On the good side -- potty training means no more diapers, which is golden. If you could see me through your computer screen, you'd see dollar signs in my eyes as I think of the money we will save by not having to contribute any more of our our hard earned money to Proctor & Gamble's bottom line. No more diapers means I don't have to stop what I'm doing to change a stinky diaper. I don't have to unload our diaper pail any more. I don't have to worry about diaper rash on Kate's little tooshey. I'm so glad that Meg is already well trained as I turn my focus to Kate -- so at least I have Meg's experience behind me and won't have to worry about her potty stops as much. There are many wonderful reasons for me to get Kate wearing panties and using the toilet.

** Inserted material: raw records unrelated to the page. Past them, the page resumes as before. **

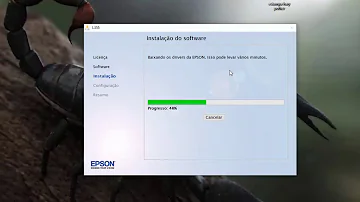 Como ativar o scanner da impressora?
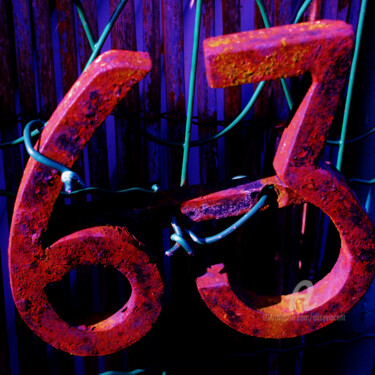 Photographie intitulée "63" par Elise Vincent, Œuvre d'art originale, Photographie numérique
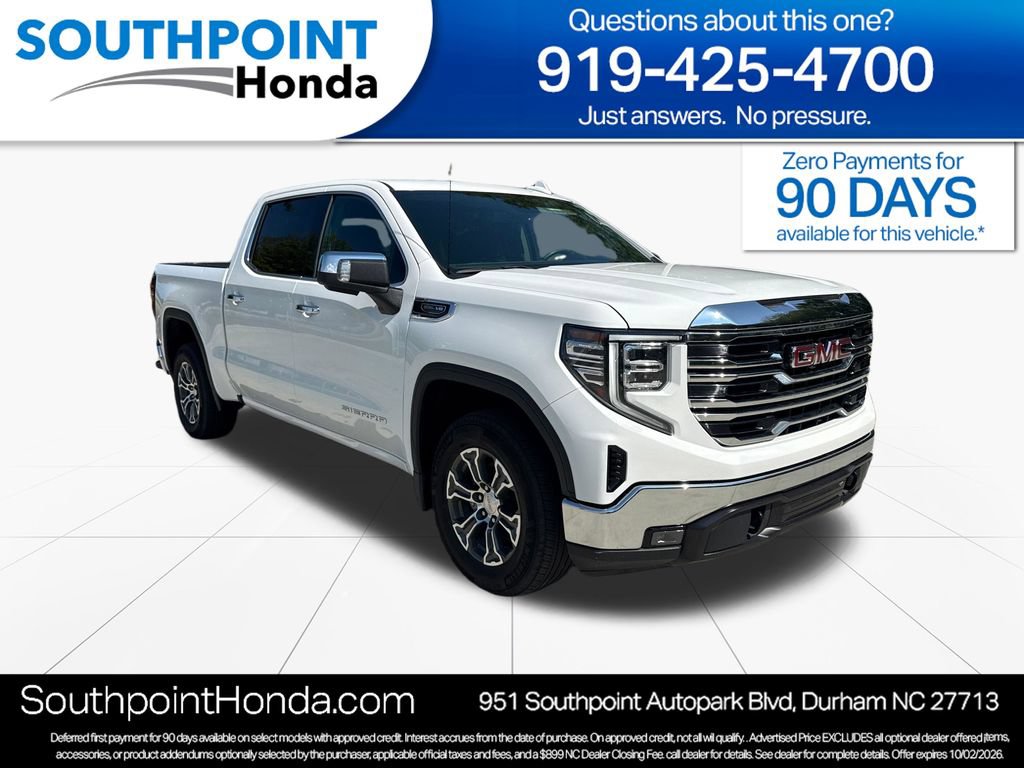 Used 2025 GMC Sierra 1500 SLT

On the bad side -- for the next few months, I'll be constantly thinking about how when Kate will need to potty. Everywhere we go, in everything we do, we will be worried about 2 little bladders and when either of them might need to hit the ladies' room. It's like living on the edge, sort of. There will be accidents. I'll have to start carrying around extra clothes always, and I know I'll have to use them on occasion. There will be false alarms, which are so annoying when you scrounge around in public to find a bathroom. If Kate is like her sister, it will be about 4-5-6 months of her bowel movements being constantly on my mind. It's just stressful. Kate and her new diaper-less hiney will be something of major focus for me for a while. It's very comfortable right now . . . Meg can use the potty by herself, and I just deal with Kate's diapers on my own schedule (unless there is poop, of course). I don't want to give that up.
Like I said, Kate's interest in the potty is clearly there. Her observant mother has picked up on it -- has been picking up on it for about a month or so -- but has been avoiding it. Unfortunately, last night's big event on the toilet is something I really can't ignore. With her level of enthusiasm about pottying, I really should jump on train and try to get her out of diapers.

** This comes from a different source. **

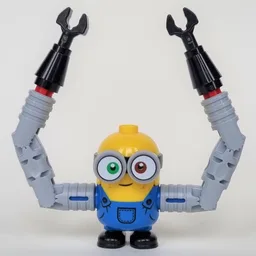 Minion Bob - Robotic Arms
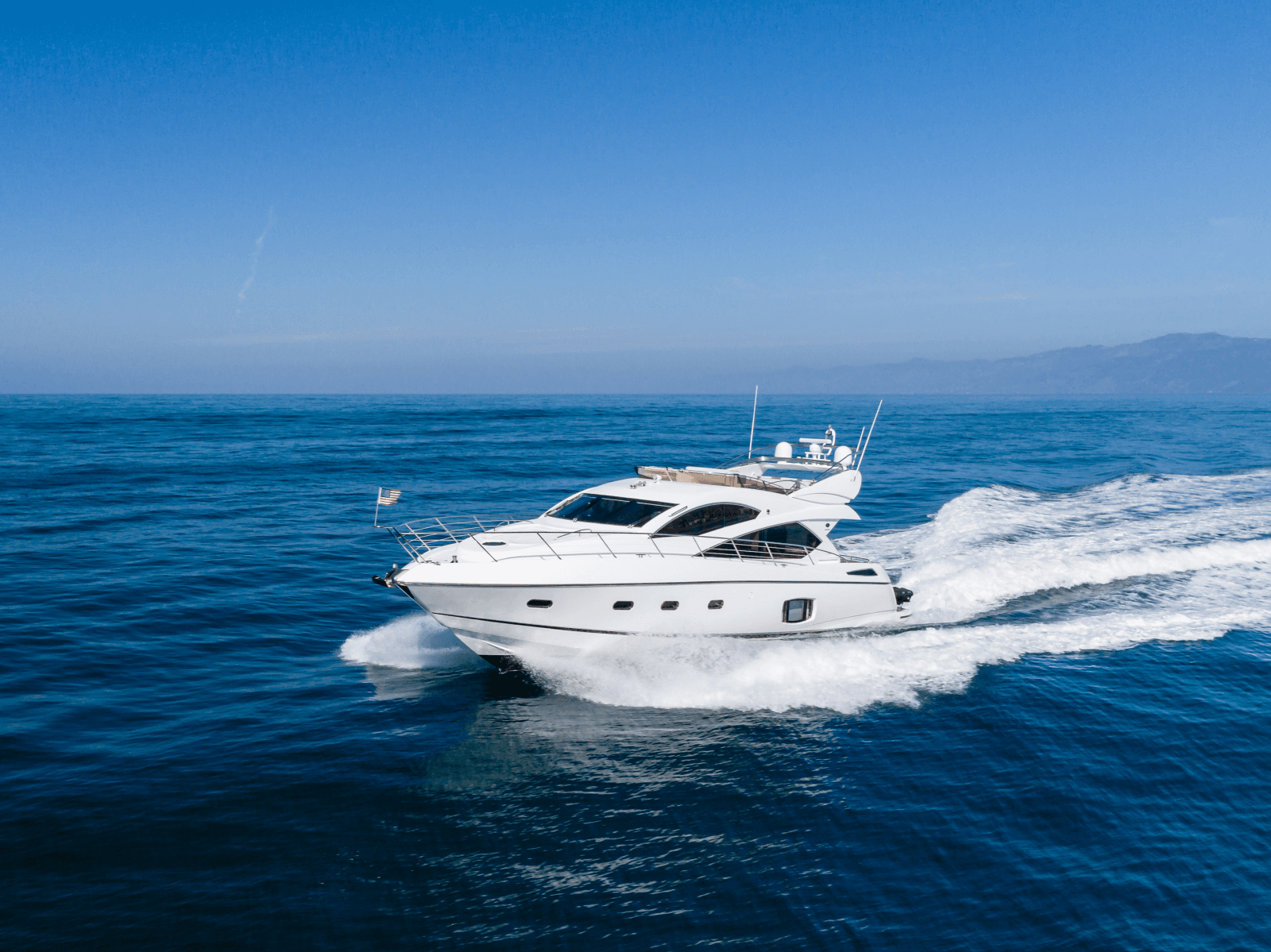 2009 Sunseeker Manhattan 60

And who knows? Maybe it will be a cinch for Kate. It certainly was not a big deal for Meg. We did a little potty boot camp over a weekend at our house, and Meg said 'bye bye' to diapers within about a 48 hr period. It could be just as easy with Kate. But there again, it's the weeks that follow that boot camp that stress me out the most -- not the actual act of teaching her to use the potty.

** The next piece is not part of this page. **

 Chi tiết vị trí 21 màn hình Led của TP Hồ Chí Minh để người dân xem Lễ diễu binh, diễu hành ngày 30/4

But who am I to complain about any of this, right? I'm sure there are people reading who are irked at me for complaining even one iota about my toddler so ready for the potty. I know I'm lucky to have a little one that is ready so young . . . and that I'm lucky to have had Meg take to potty training with ease. I get that. I'm not complaining about that. I'm just complaining because life is comfortable right now . . . we are in a nice rhythm, nice schedule, life is getting easier and easier with 2 kids . . . and the potty training will upset the apple cart from now until probably the end of the summer. THAT is what I'm dreading. The break in my routine, the added responsibility of a newly trained little one. That's why I am the one not ready for potty training.
**Sigh**
I'll let you know how it goes. There are way more 'good' than 'bad' sides to this argument . . . so I know that it won't be long before I'm hunkering down with Kate in my bathroom, with lots of apple juice and M&Ms by my side.
2 comments:
Amazing...that's all I can say. Oh, and I'm soooo jealous!